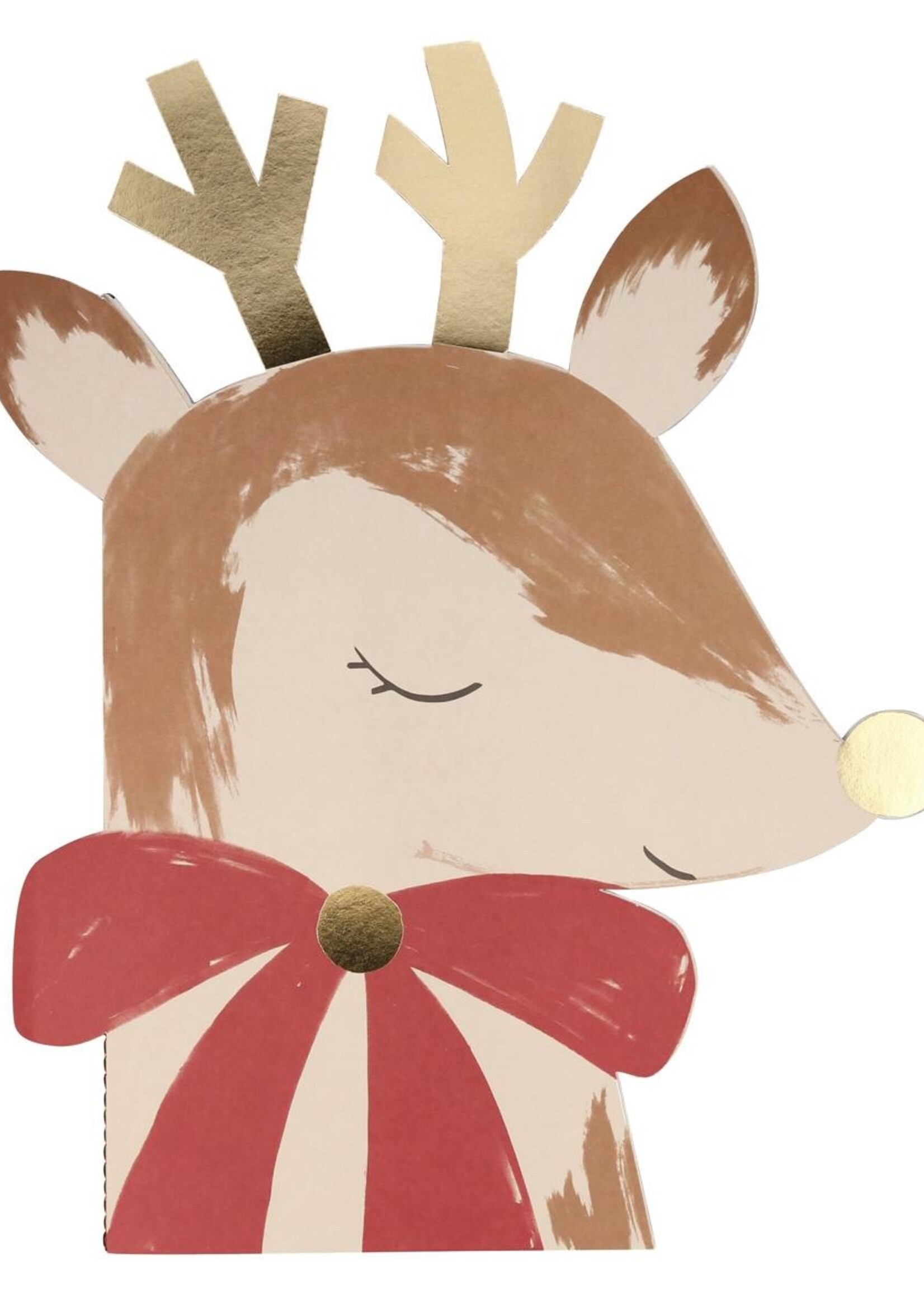 MERI MERI Reindeer Sticker Sketch Book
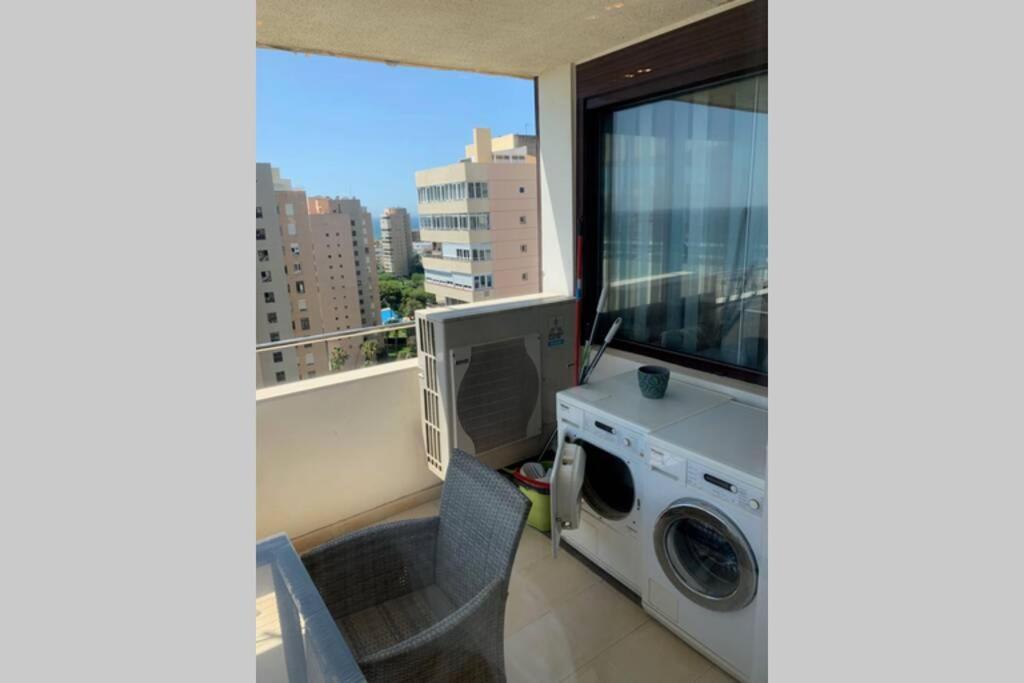 Maravilloso piso en Torremolinos, Costa del Sol Esterno foto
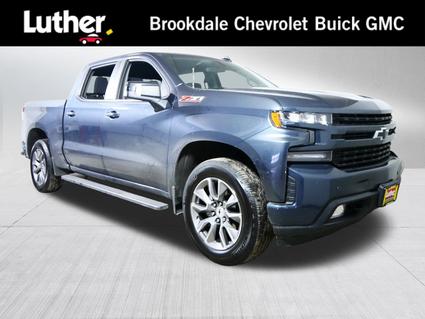 2021 Chevrolet Silverado Minneapolis MN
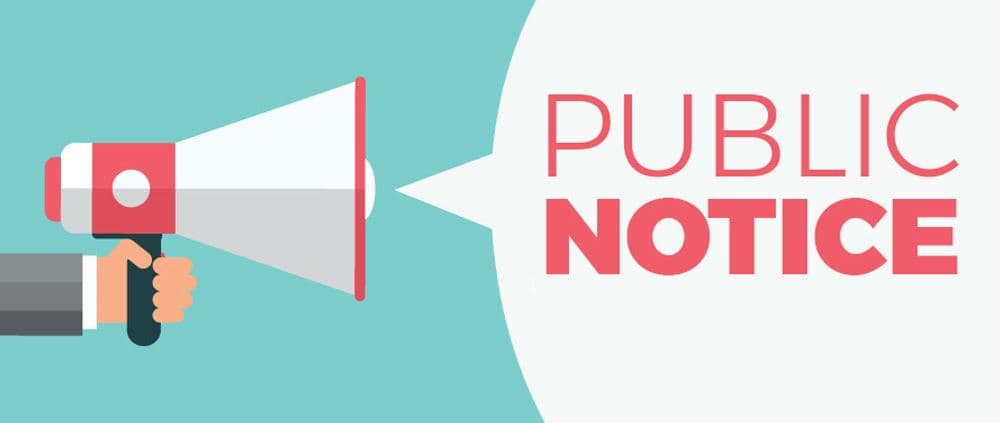 Atchison County issues quorum notice for July 14 gathering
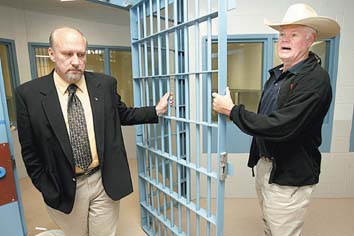 New, controversial jail set to open in Limestone County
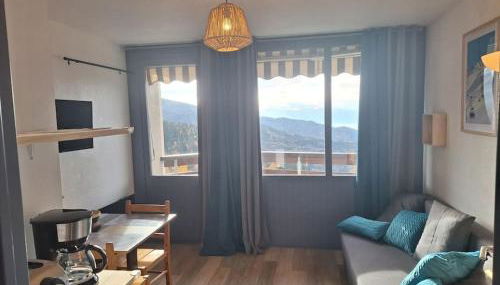 Studio rénové - Pied des pistes - Prapoutel - Les 7 laux - Foto 2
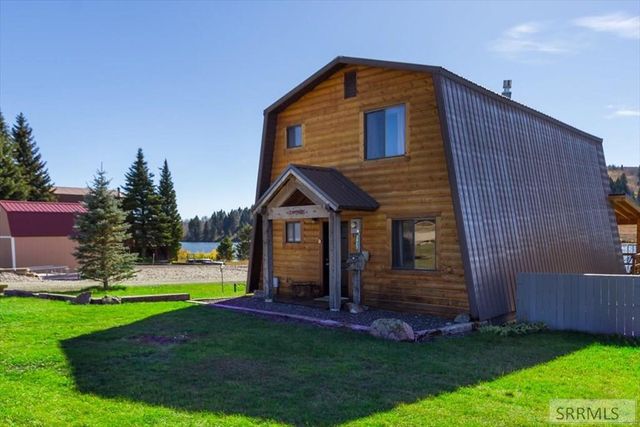 3882 S Goose Bay Drive, Island Park, ID 83429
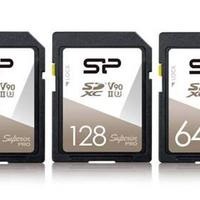 300MB/s速度堪比SSD：Silicon Power广颖电通推出 Superior Pro V90 SDXC内存卡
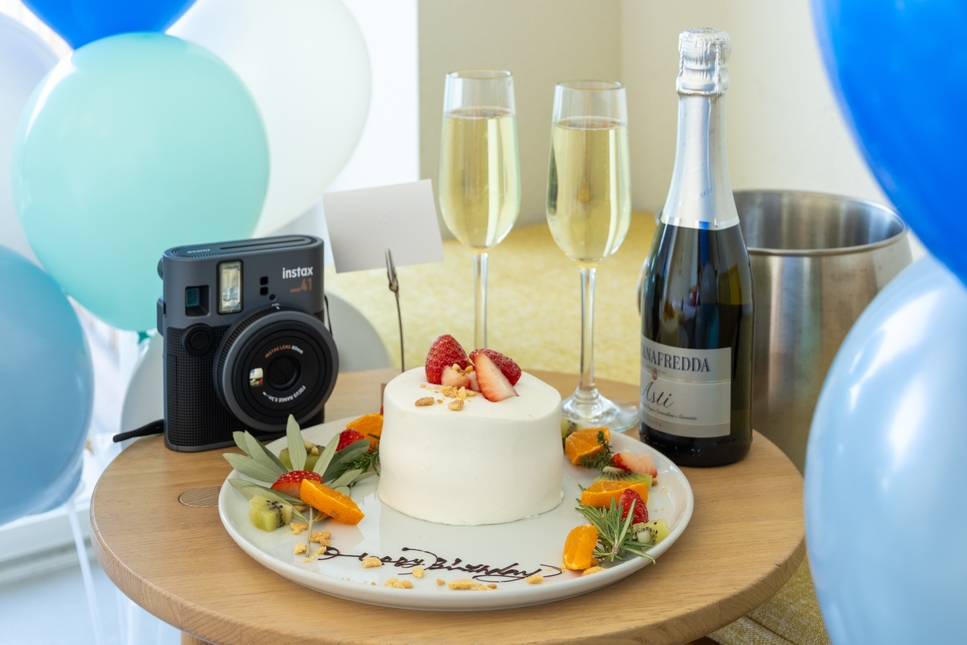 ≪Happy Anniversary≫　愛犬（小型犬）とご宿泊　★夕朝食付／夕食は伊orBBQ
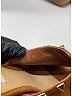 Valentino 100% Leather Brown Sandals Size EU 37 - photo 5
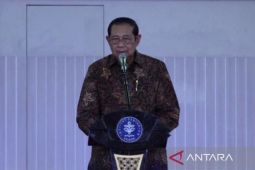 SBY dorong alumni IPB dalam pembangunan berkelanjutan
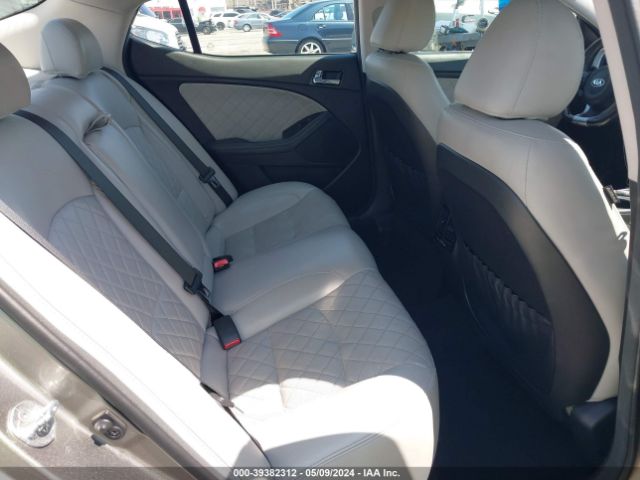 5XXGR4A61FG399443 KIA Optima Sxl Turbo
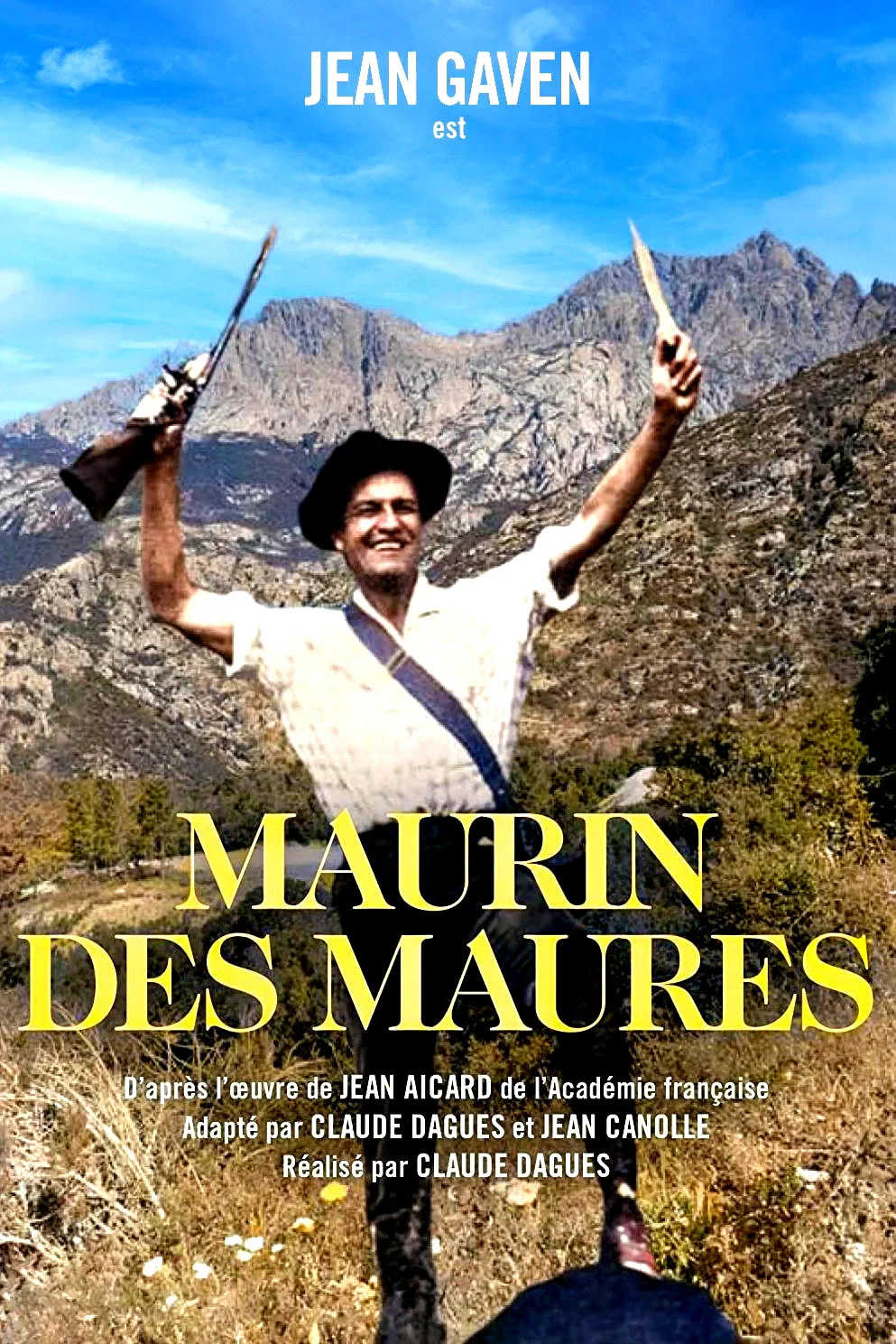 Photo 2 du film : Maurin des maures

* * * * *

Work order: Set down the data again, exactly, without images.

Written answer:
 MERI MERI Reindeer Sticker Sketch Book
 Maravilloso piso en Torremolinos, Costa del Sol Esterno foto
 2021 Chevrolet Silverado Minneapolis MN
 Atchison County issues quorum notice for July 14 gathering
 New, controversial jail set to open in Limestone County
 Studio rénové - Pied des pistes - Prapoutel - Les 7 laux - Foto 2
 3882 S Goose Bay Drive, Island Park, ID 83429
 300MB/s速度堪比SSD：Silicon Power广颖电通推出 Superior Pro V90 SDXC内存卡
 ≪Happy Anniversary≫　愛犬（小型犬）とご宿泊　★夕朝食付／夕食は伊orBBQ
 Valentino 100% Leather Brown Sandals Size EU 37 - photo 5
 SBY dorong alumni IPB dalam pembangunan berkelanjutan
 5XXGR4A61FG399443 KIA Optima Sxl Turbo
 Photo 2 du film : Maurin des maures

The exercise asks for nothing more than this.